[[ EXCERPTED RECORDS, beginning ]]

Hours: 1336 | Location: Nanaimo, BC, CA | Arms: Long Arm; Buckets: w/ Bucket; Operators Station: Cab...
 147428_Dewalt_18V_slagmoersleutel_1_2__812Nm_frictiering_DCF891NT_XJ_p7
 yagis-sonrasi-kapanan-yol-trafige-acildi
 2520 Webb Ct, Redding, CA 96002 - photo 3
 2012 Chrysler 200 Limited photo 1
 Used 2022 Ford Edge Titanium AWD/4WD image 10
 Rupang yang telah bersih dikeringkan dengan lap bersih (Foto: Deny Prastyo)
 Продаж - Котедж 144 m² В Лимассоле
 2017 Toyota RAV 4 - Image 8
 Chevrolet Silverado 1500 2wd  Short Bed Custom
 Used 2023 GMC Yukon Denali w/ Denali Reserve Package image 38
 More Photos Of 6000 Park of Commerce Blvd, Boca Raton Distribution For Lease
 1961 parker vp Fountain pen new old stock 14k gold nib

[[ EXCERPTED RECORDS, end ]]

• [TASK DESCRIPTION] Would you count the lines in the data that include the word "Used" and reply with only the number?

• [RESPONSE TO THIS TASK] 2